** Opening Extracted data block **

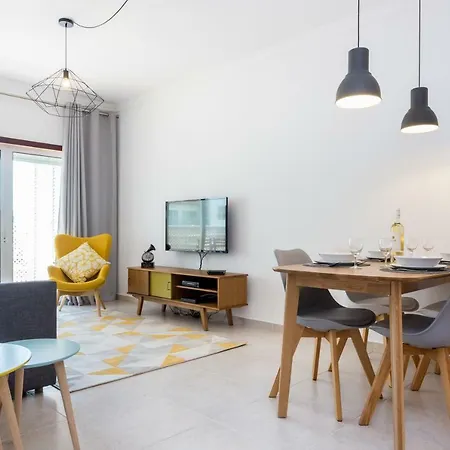 Apartman Sunflat By Teresa *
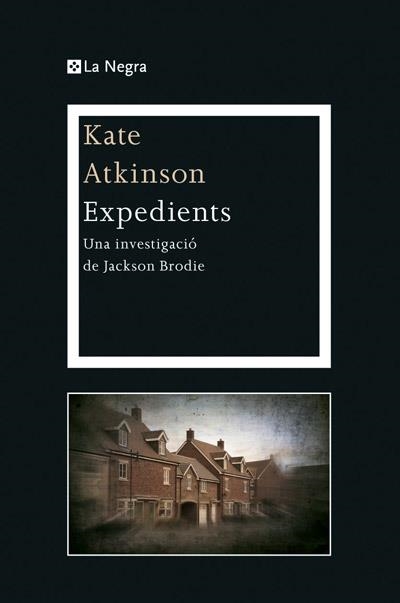 EXPEDIENTS | 9788482645919 | KATE ATKINSON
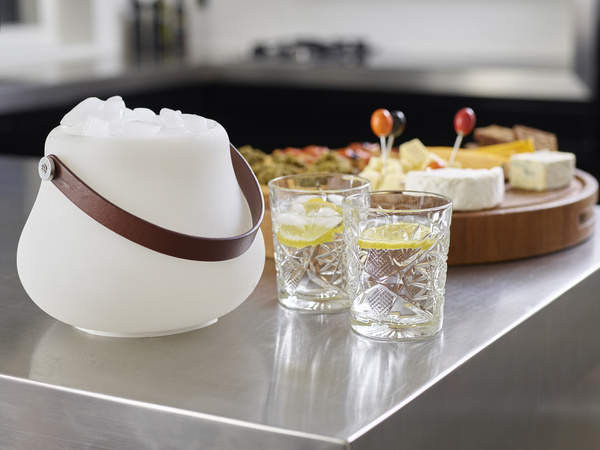 V'LUXX - Cordless Table Lamp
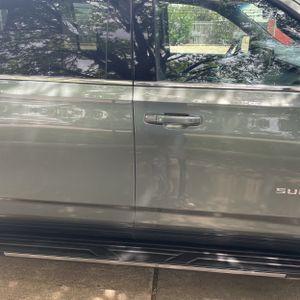 CHEVROLET SUBURBAN PREMIER - 9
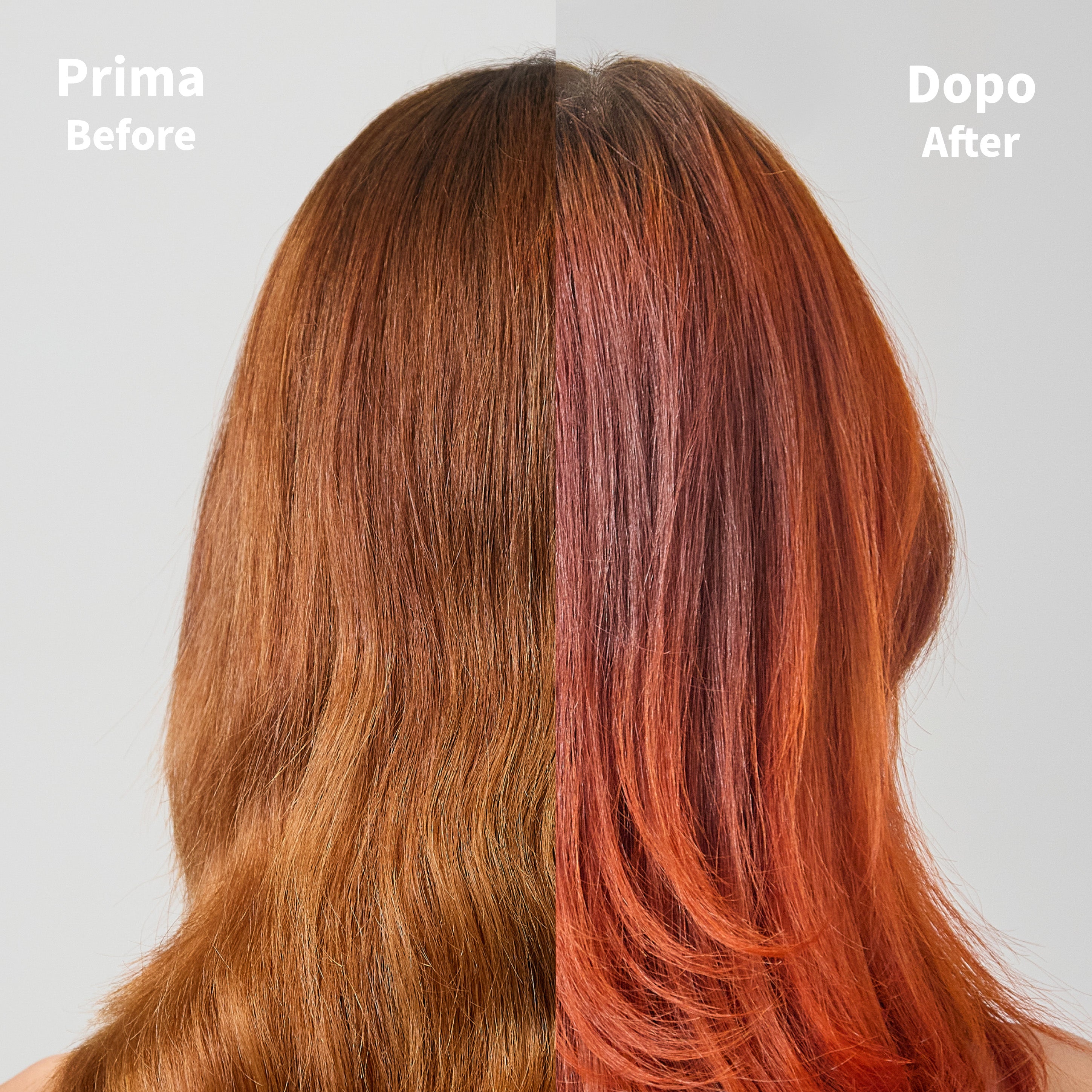 Maschera Colorante Albicocca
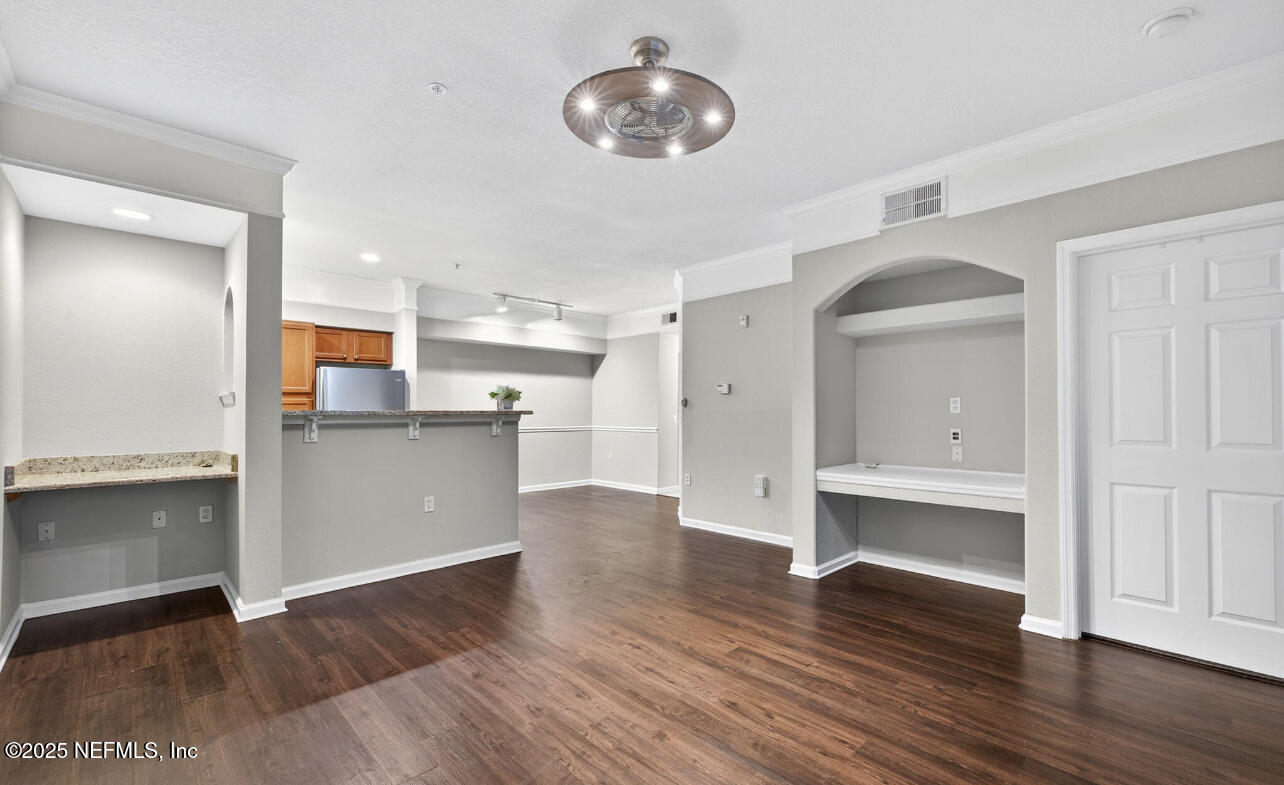 8550 Touchton Road, Unit 911 Jacksonville, FL 32216 - Photo 8 of 8 Spacious, open floor plan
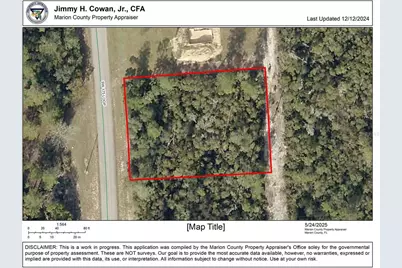 Sw 175th Loop, Ocala, FL 34473 - Photo 1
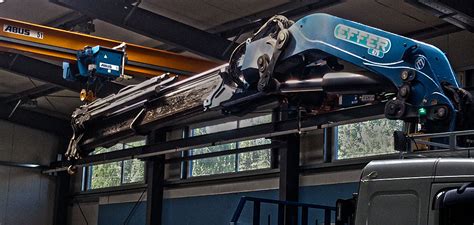 UTB | HP-Hydraulika Siłowa Szczecin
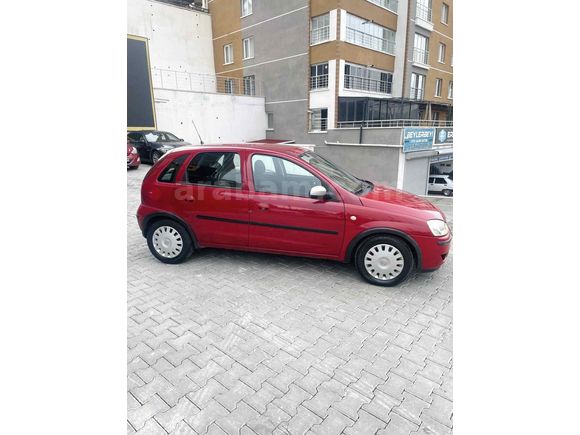 Sahibinden Opel Corsa 1.3 CDTI Enjoy 2005 Model 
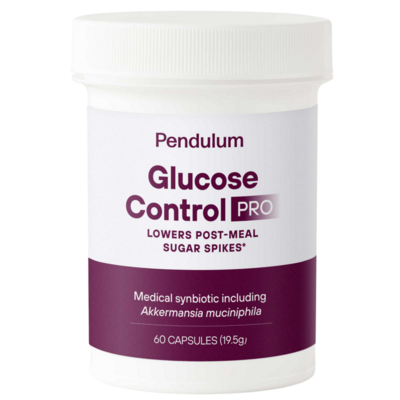 Pendulum - Glucose Control Pro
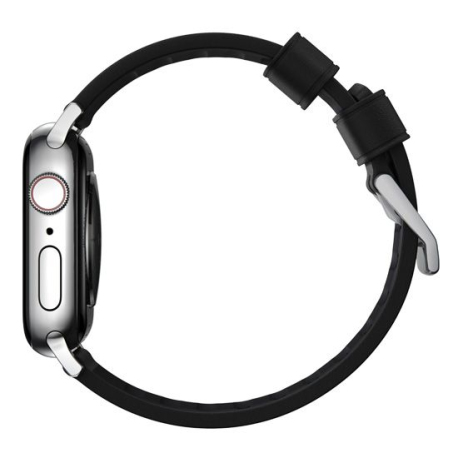 Active Pro Strap for Apple Watch 42/44/45mm - Gray/Black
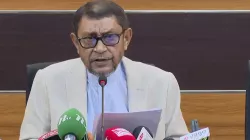 সম্পূর্ণ সুস্থ না হওয়া পর্যন্ত ডেঙ্গু রোগীকে ছাড়পত্র নয়: স্বাস্থ্যমন্ত্রী
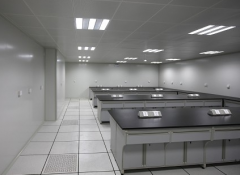 恒溫恒濕實驗室裝修需要滿足的要求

** Closing Extracted data block **

Exercise instructions: Copy, word for word, the entries above from the first line to the line that holds "Active Pro Strap". Drop the pictures.

Problem solution:
 Apartman Sunflat By Teresa *
 EXPEDIENTS | 9788482645919 | KATE ATKINSON
 V'LUXX - Cordless Table Lamp
 CHEVROLET SUBURBAN PREMIER - 9
 Maschera Colorante Albicocca
 8550 Touchton Road, Unit 911 Jacksonville, FL 32216 - Photo 8 of 8 Spacious, open floor plan
 Sw 175th Loop, Ocala, FL 34473 - Photo 1
 UTB | HP-Hydraulika Siłowa Szczecin
 Sahibinden Opel Corsa 1.3 CDTI Enjoy 2005 Model 
 Pendulum - Glucose Control Pro
 Active Pro Strap for Apple Watch 42/44/45mm - Gray/Black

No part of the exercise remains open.